TASK DETAILS:
Could you please retype the records exactly, minus their pictures?

DATA SUPPLIED:
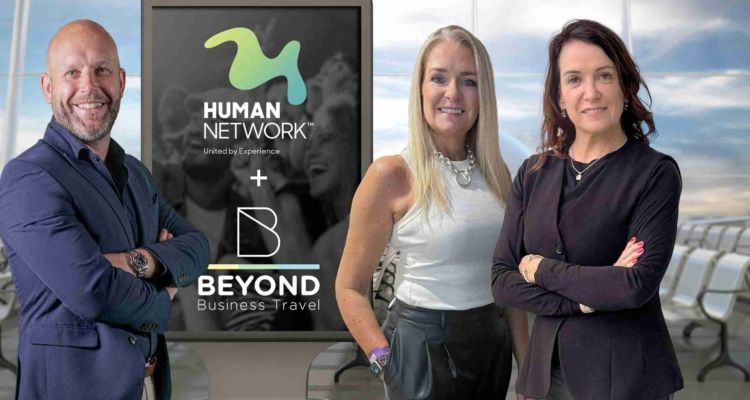 Human Network will disrupt the travel industry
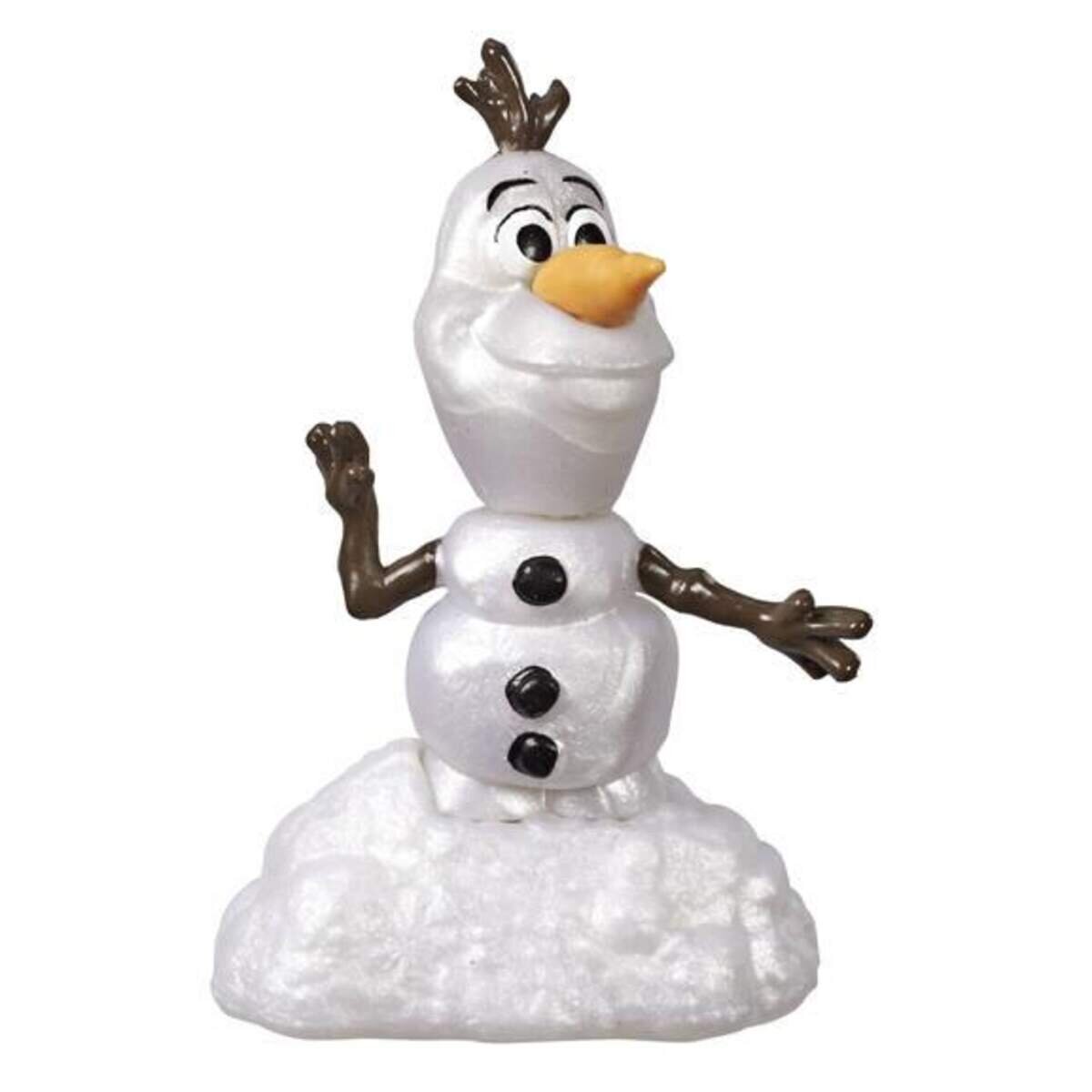 Hasbro Spielfigur Überraschungs-Diamant Pop Adventure Frozen II Serie1, sortiert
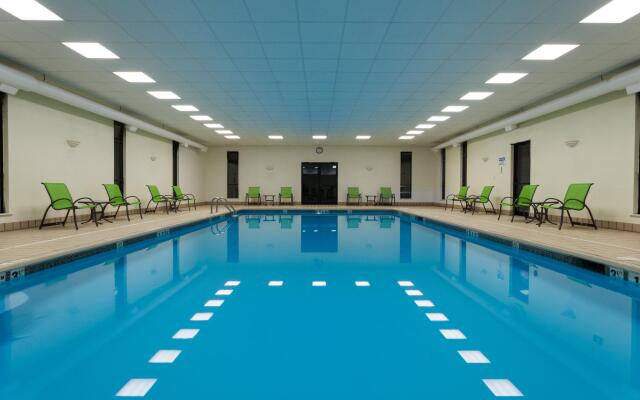 Holiday Inn Bangor by IHG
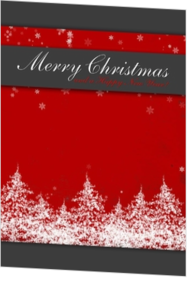 Gestalten und senden Sie Weihnachtskarten per Post  - weihnachtskarten-rb-15154 ek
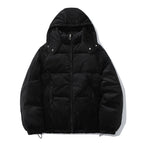 Black / M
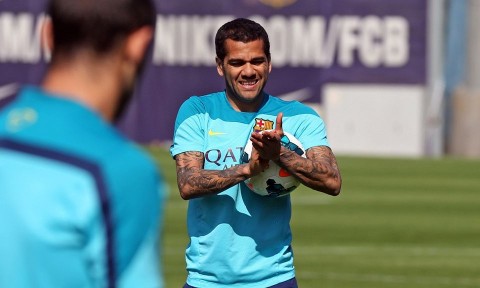 Dani Alves (dani alves, )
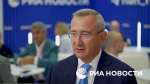 Сотрудничество Калужской области и Ирана встало на паузу из-за операции Израиля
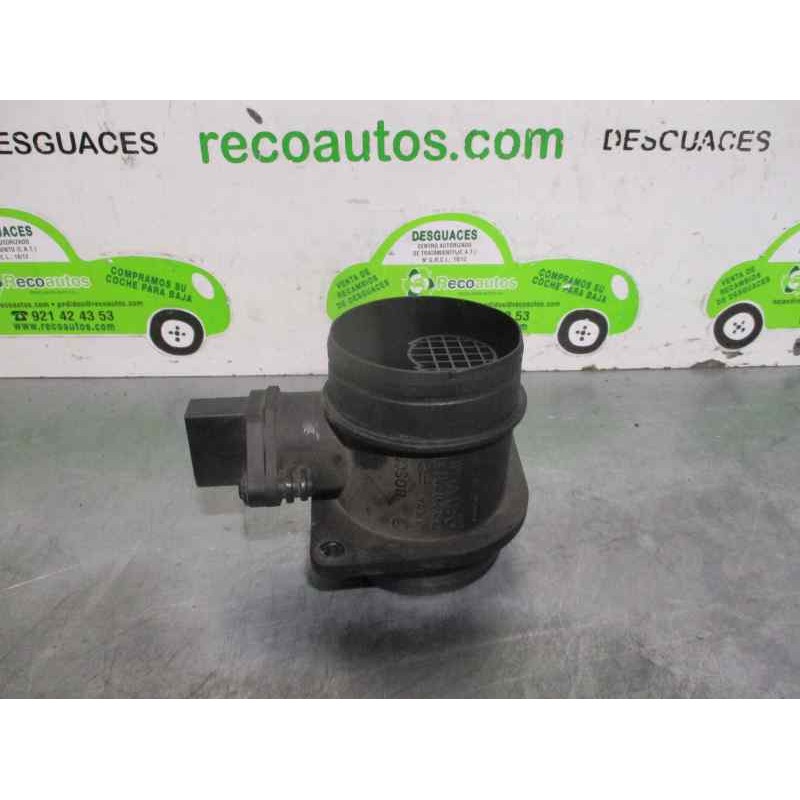 Recambio de caudalimetro para seat toledo (5p2) 1.9 tdi referencia OEM IAM 038906461B 0281002531 BOSCH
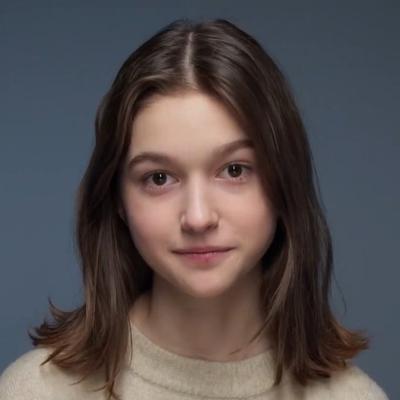 Василиса Коростышевская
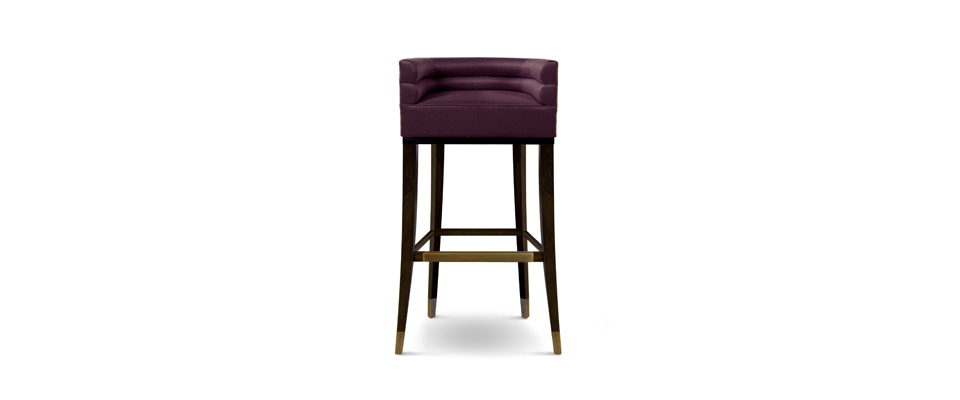 Maa  Bar Stool  Brabbu Love Happens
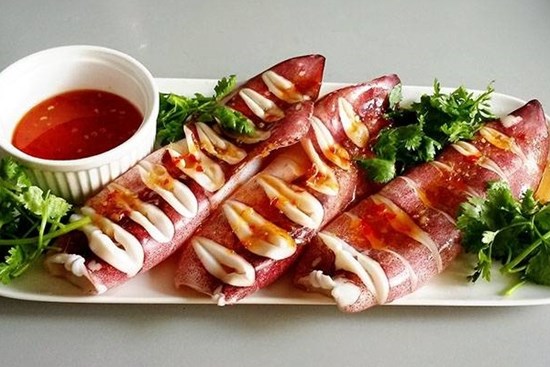 Mực bảo quản tủ lạnh vài tháng khi chế biến vẫn tươi ngon, giòn ngọt: Bí quyết nằm ở điều số 4!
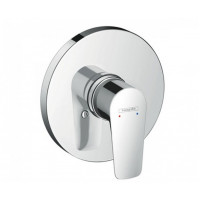 Змішувач Hansgrohe Talis E для душу mini S (71766000)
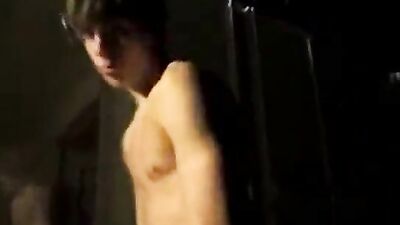 Gay Porn - Amature Web-Cam Frensh Dude Experience the erotic pleasure of this sexy French webcam dude!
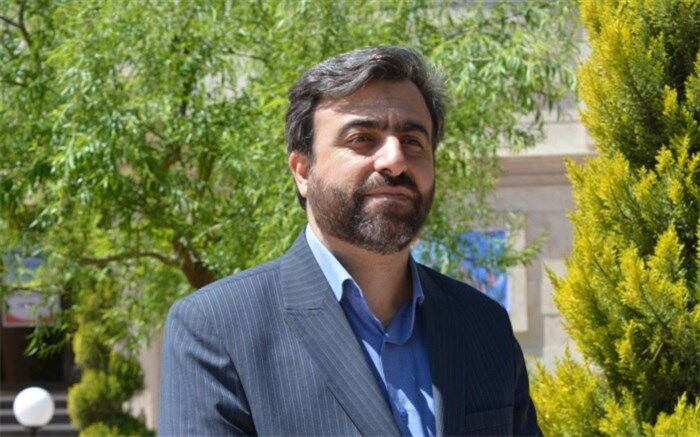 سید مجتبی هاشمی :هدف از برگزاری دوره توسعه مدیریت فرهنگ نماز، جذب حداکثری دانش آموزان  جهت حضور در فریضه الهی نماز جماعت است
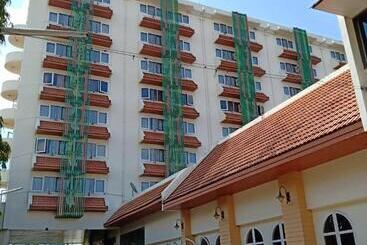 בית מלון כפרי Nanchao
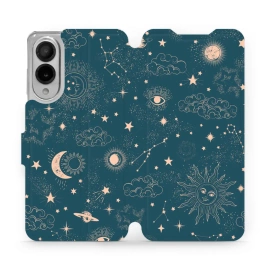 Hülle für Samsung Galaxy S25 Edge - Farbe VP14S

EXERCISE RESULT:
 Human Network will disrupt the travel industry
 Hasbro Spielfigur Überraschungs-Diamant Pop Adventure Frozen II Serie1, sortiert
 Holiday Inn Bangor by IHG
 Gestalten und senden Sie Weihnachtskarten per Post  - weihnachtskarten-rb-15154 ek
 Black / M
 Dani Alves (dani alves, )
 Сотрудничество Калужской области и Ирана встало на паузу из-за операции Израиля
 Recambio de caudalimetro para seat toledo (5p2) 1.9 tdi referencia OEM IAM 038906461B 0281002531 BOSCH
 Василиса Коростышевская
 Maa  Bar Stool  Brabbu Love Happens
 Mực bảo quản tủ lạnh vài tháng khi chế biến vẫn tươi ngon, giòn ngọt: Bí quyết nằm ở điều số 4!
 Змішувач Hansgrohe Talis E для душу mini S (71766000)
 Gay Porn - Amature Web-Cam Frensh Dude Experience the erotic pleasure of this sexy French webcam dude!
 سید مجتبی هاشمی :هدف از برگزاری دوره توسعه مدیریت فرهنگ نماز، جذب حداکثری دانش آموزان  جهت حضور در فریضه الهی نماز جماعت است
 בית מלון כפרי Nanchao
 Hülle für Samsung Galaxy S25 Edge - Farbe VP14S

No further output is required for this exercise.